The Great Sphinx of Giza

26.04.2015 |

Episode #3 of the course “Mysterious World Landmarks”

On the plateau of Giza in Egypt, an ancient king or “Pharaoh” had himself forever commemorated with a giant monument. Carved from the rocks of the plateau, the great Sphinx has the body of a lion with the head of a man, stands more than 60 feet tall, stretches over 150 feet long, and has come to represent strength and wisdom throughout the centuries. The site of the Sphinx was originally called “Horemakhet” by ancient Egyptians, but the Greeks began calling it the “Sphinx” after a creature in their own mythology.

The Great Sphinx partly under the sand, ca. 1870s

Although historians aren’t precisely sure who is responsible for the design and building of the Sphinx, it is most often attributed to the pharaoh Khafre in the 2500s BCE. Khafre’s pyramid lies at the feet of the Sphinx, and restoration and additions to it by later pharaohs are well-documented. Some scholars, however, believe that the Sphinx more closely resembles Khafre’s older brother, the pharaoh Djedefre, and that Khafre may have overthrown Djedefre and claimed the Sphinx for himself.

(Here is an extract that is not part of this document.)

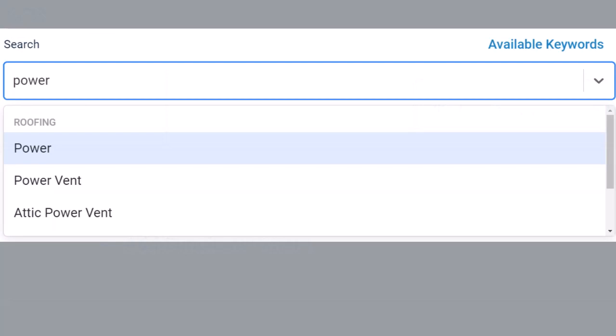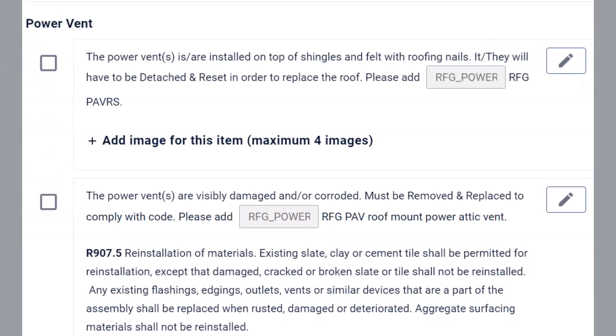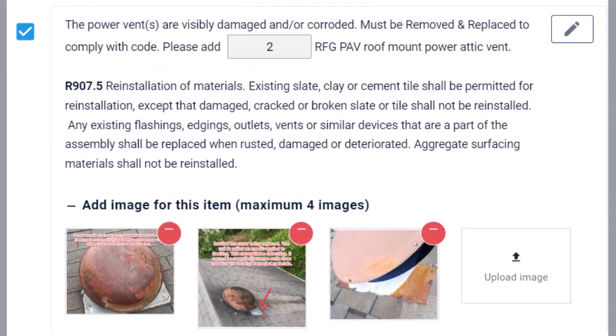Select add a supplement item. Enter a description in the keyword search for the item you wish to supplement. Select the appropriate pre-written supplement template from the available choices.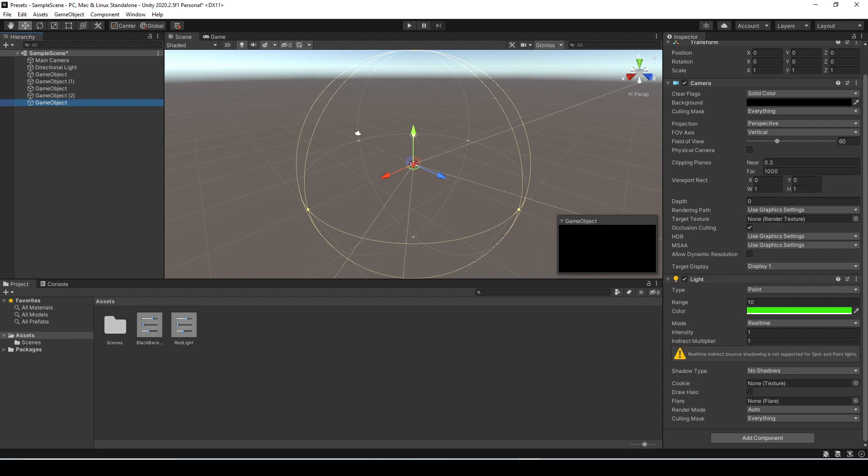So the next cool thing about these, since they are assets in your folder you can actually select all your folders that contain these presets and you can actually export them as a package that you can use for any of your Unity projects. So if you tend to use the same similar settings for a lot of projects this could be a very big time saver.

At some point throughout history, the Great Sphinx has been damaged. There are records that it once had a beard, which is now missing, along with its nose. Although some stories claim that Napoleon or his troops shot off the Sphinx’s nose, there are drawings of the Sphinx showing this damage from before Napoleon’s visit. The softer layers of the rock that form the Sphinx’s head have suffered damage from wind, sun, sand, and people throughout the years, and the missing nose could be due to a number of causes. So much remains mysterious about the Sphinx that thousands of people every year are attracted to its ancient presence.